Although he witnessed some of the worst atrocities of the Battle of the Somme during his time as chaplain, the Rev John Redmond, of Grange House, Portadown, rarely spoke of them when he returned to civilian life.
However, he was an avid diarist and his accounts of ministering to the dying and wounded have been preserved by his family, including daughter-in-law Mrs Dorothy Redmond, who still lives in the town.
Some of those vivid experiences have also been collated by Canon WEC (Ted) Fleming, historian and former rector of Tartaraghan, who knew Rev Redmond personally and conducted his funeral service almost 50 years ago.
The Rev Redmond, who was born in 1876, arrived in the Somme on June 16, 1916. He was stationed just 12 miles behind the firing line, and could hear the booming of the heavy guns like distant thunder.
Ten days later, his casualty clearing station received the first convoy of wounded from the front. “It is a most heartbreaking sight to see a victim struggling in anguish for breath,” he wrote.
On July 1, the infantry launched an attack on the German lines and the station was inundated with injured soldiers, admitting about 1,000 in three days.
There were some 60,000 British casualties (including 20,000 killed) during the first day of the assault, with the 36th Ulster Division suffering heavy losses.
In the days and weeks that followed, the Rev Redmond spent his days visiting the wounded, writing letters for patients and to relations of those who had died, and conducting funerals.
Among those he tended on the battlefield was James Emerson from Louth, aged 21, who was posthumously awarded the Victoria Cross.

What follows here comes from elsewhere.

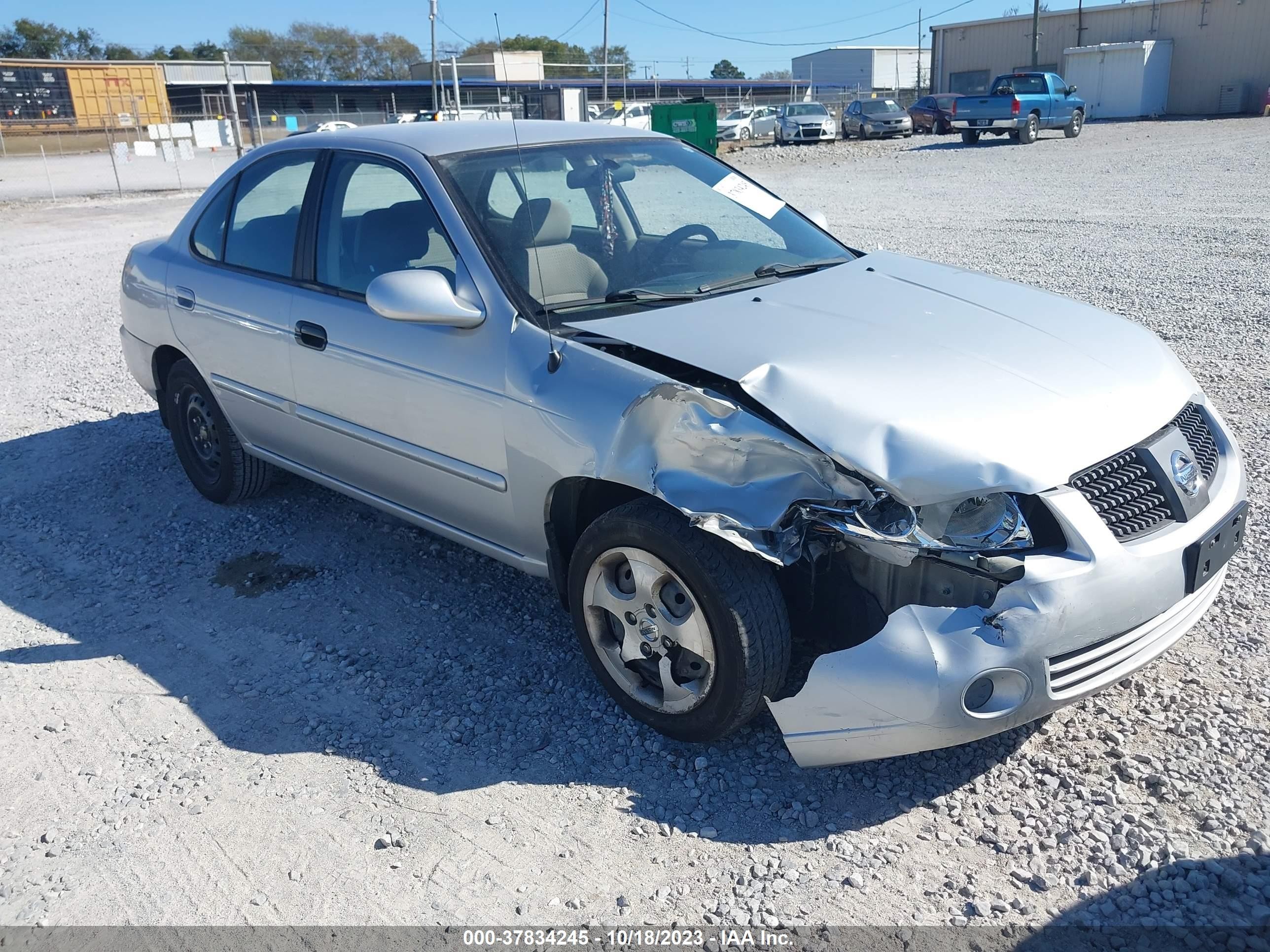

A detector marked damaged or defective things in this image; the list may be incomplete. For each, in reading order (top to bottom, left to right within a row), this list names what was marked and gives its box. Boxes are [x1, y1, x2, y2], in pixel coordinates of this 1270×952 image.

The Rev Redmond wrote to the young soldier’s mother telling her of his gallant actions and of his final moments “when he thought of you”.
He wrote, “War is a barbarous thing and cruel and atrocious beyond words. This comes home to one with a shock as one sees young men coming in from the battlefield with the most terrible gashes and wounds - faces broken and swollen into all shapes and into no shape, limbs blown off and bones stripped of their flesh.

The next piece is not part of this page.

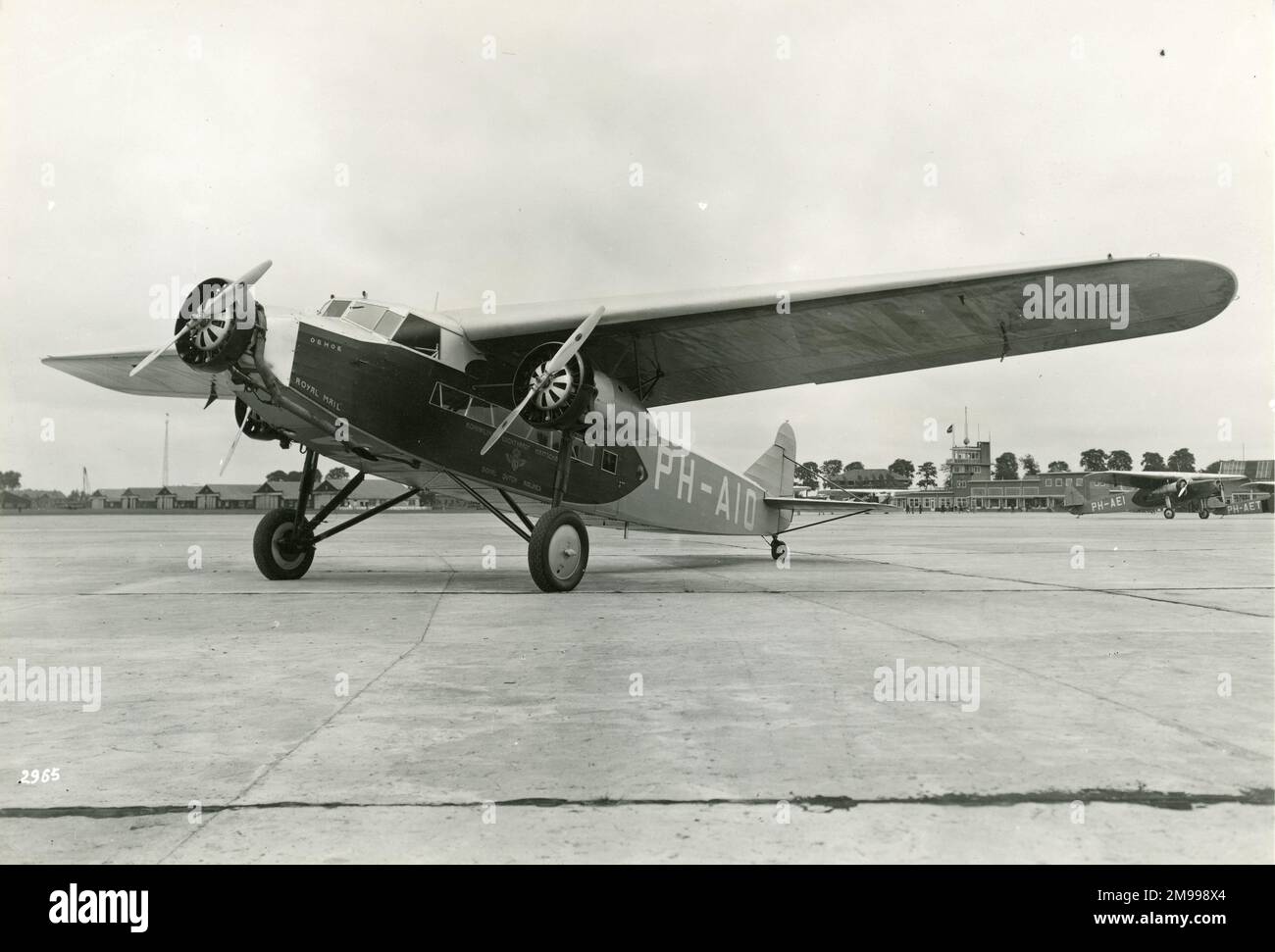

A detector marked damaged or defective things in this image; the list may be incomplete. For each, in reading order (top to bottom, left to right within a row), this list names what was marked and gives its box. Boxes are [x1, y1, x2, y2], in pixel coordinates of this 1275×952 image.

crack in concrete [5, 789, 1269, 821]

“It is pitiful to see the unconscious fling their arms, and the constant turning and rising and changing position of those who have fatal wounds; and to look at the patient and uncomplaining suffering of strong men, whose faces are now pale as death and lie helpless.”
On a happier note, he noted that a soldier was brought in who had been lying for 13 days on the battlefields. “He had many wounds and was delirious when found, there were maggots in his wounds, but soon he was making a wonderful recovery.”
At the beginning of September, feeling that he had done his share of hospital work, the Rev Redmond applied for transfer to the Ulster Division troops serving in the trenches, but was posted to a vacancy with the 64th Brigade. He was shocked to see the whole countryside “a wilderness of mud with troops, horses and transport ploughing through it”.
His division moved up the trenches in October, coming under heavy attack. The Somme offensive ended with the battle of Ancre from November 13-18. The number of men killed on both sides over 140 days exceeded 1.3 million, which included 400,000 British casualties.